Thursday, 14 February 2013

Guards! Guards!

Guards! Guards!

Terry Pratchett

"This is where the dragons went. They lie...not dead, not asleep, but...dormant. And although the space they occupy isn't like normal space, nevertheless they are packed in tightly. They could put you in mind of a can of sardines, if you thought sardines were huge and scaly. And presumably, somewhere, there's a key...

Guards! Guards! is the eighth Discworld novel - and after this, dragons will never be the same again!"

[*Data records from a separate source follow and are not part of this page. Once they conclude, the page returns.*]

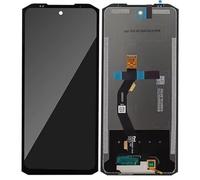 SHOWGOOD Écran tactile LCD, pour Ulefone Armor 27T LCD Display Touch Screen Digitizer Assemblée Remplacement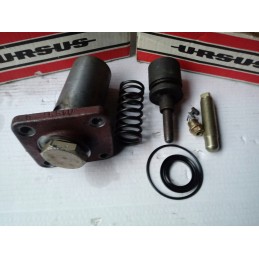 Pulso matuoklio stūmoklis Ursus 385 80455050
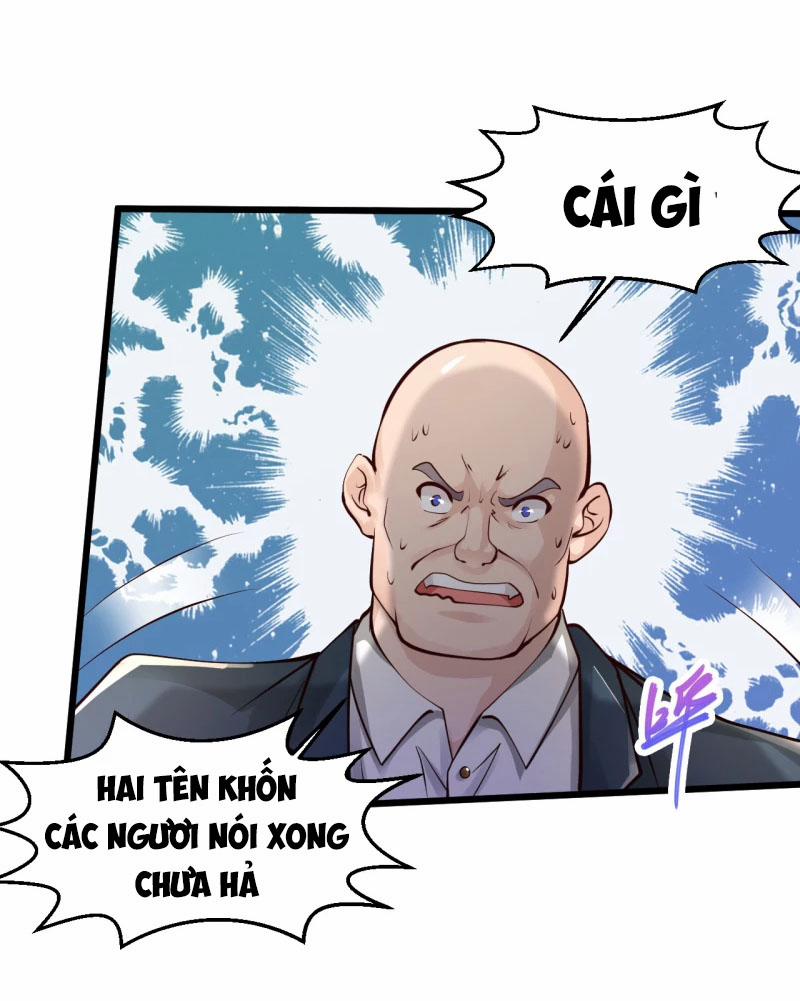 Tuyệt Phẩm Y Thánh 220 trang 23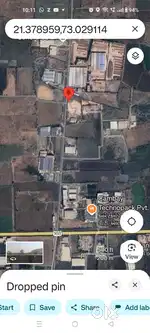 INDUSTRIAL LAND KIM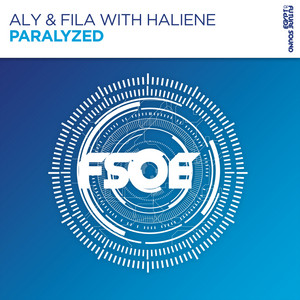 Paralyzed by Aly & Fila cover art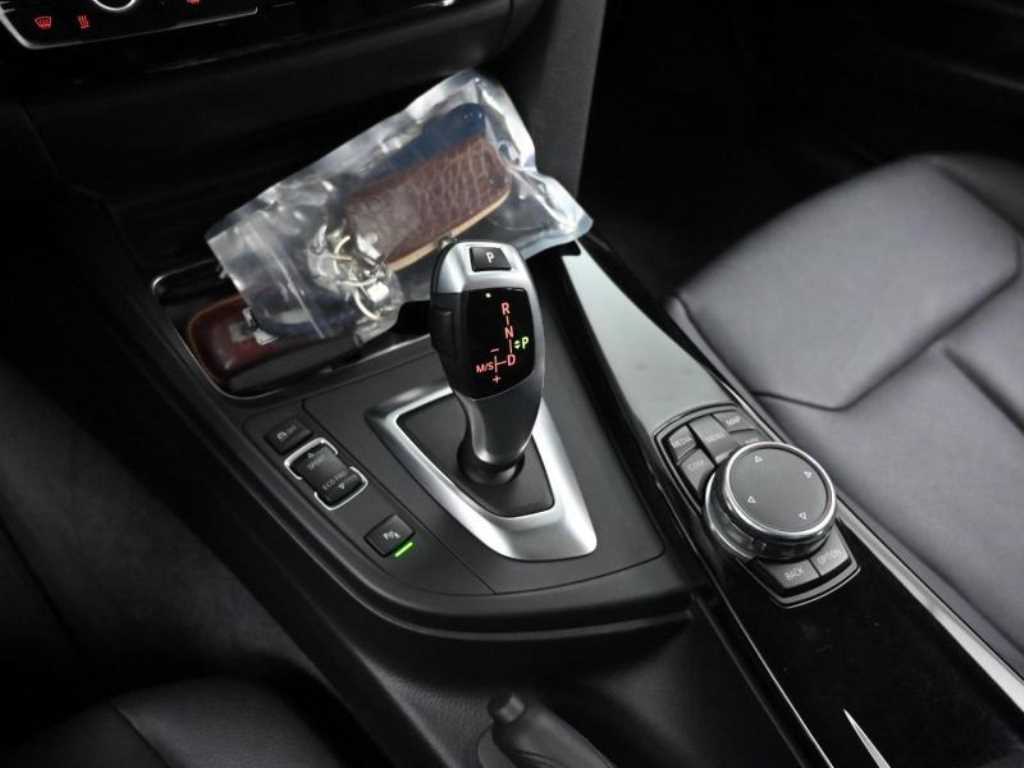 BMW 3 series - Vista 9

Guards! Guards! returns us to the regular discworld setting of Ankh-Morpork after the relocation of the previous book to more Egyptian settings.
It’s the first book  of the series to feature the City Watch, the less than reliable Ankh-Morpork police force led by new character Captain Vimes.
Vimes is an odd inclusion in the series in that he’s not too humorous, certainly there are jokes surrounding him but he’s a far less comedic character than the witches or Rincewind from previous instalments,

Perhaps it is because of this that the novel falls a little flat. In my journey through the series this has been my least favourite instalment so far, while still a very funny book I didn’t find myself laughing out loud like I had with the other books. All in all there’s a feeling that you’ve read all of this before, likethis is just a longer version of the other books with the names replaced, it just feels stale.

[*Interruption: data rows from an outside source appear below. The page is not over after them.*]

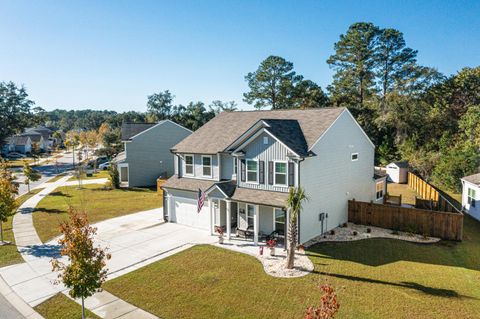 A home in Johns Island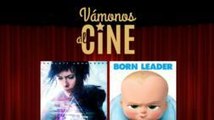 Vámonos al Cine con The Boss Baby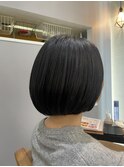 20代30代40代50代◎髪質改善/リバースヘアライト/丸みボブ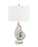 John Richard Nautilus Seashell Table Lamp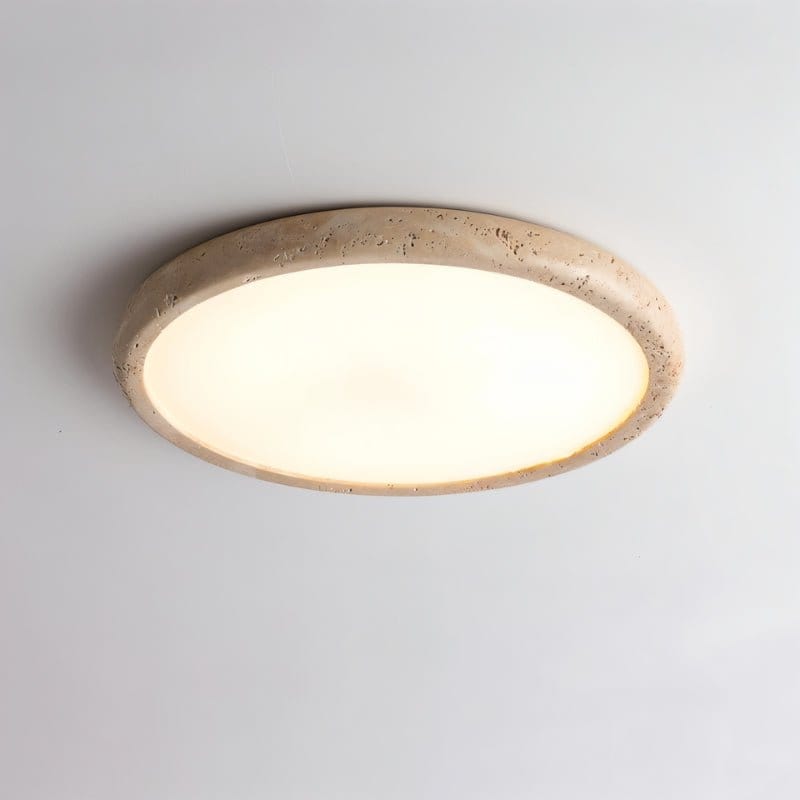 Residence Supply 15" x 2" / 38 x 5cm / 24W Coriac Ceiling Light Coriac Ceiling Light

There are also a few problems with the structure of the book, for the first third of the book Vimes isn’t our main character, instead it is Carrot, a boy raised by dwarves in the mountains who is sent down to Ankh to join the watch by his father.
Carrot is a more expected lead for a discworld book, his childlike naivety juxtaposing his massive strength. He is presented as the only member of the watch to be doing a good job (actually going so far as to….*gasp* arrest criminals)
After he joins the watch and is introduced to Vimes he is slowly eased out of the novel. This happens far too late in the novel and it takes too much time for the readers to warm to Vimes while figuring out that Carrot is no longer the lead.

The novel is also too long, not by much but it could certainly stand a trim. Terry Pratchett manages to write comedy novels that remain funny and fresh while also maintaining the length of a regular novel. Comedy novels usually only work in short bursts if they work at all, this ability to write them full length is a real skill of Pratchett’s but even he struggles here.
There’s just a little too much padding and I found myself struggling to make my way through at times, almost to the point that I simply gave up.

It’s still a very entertaining novel and I’d recommend it. You’ll still have a chuckle or two to yourself but it’s simply not as good the previous seven books in the series.
Give it a read if you get the chance but I wouldn’t use it as your introduction to the series.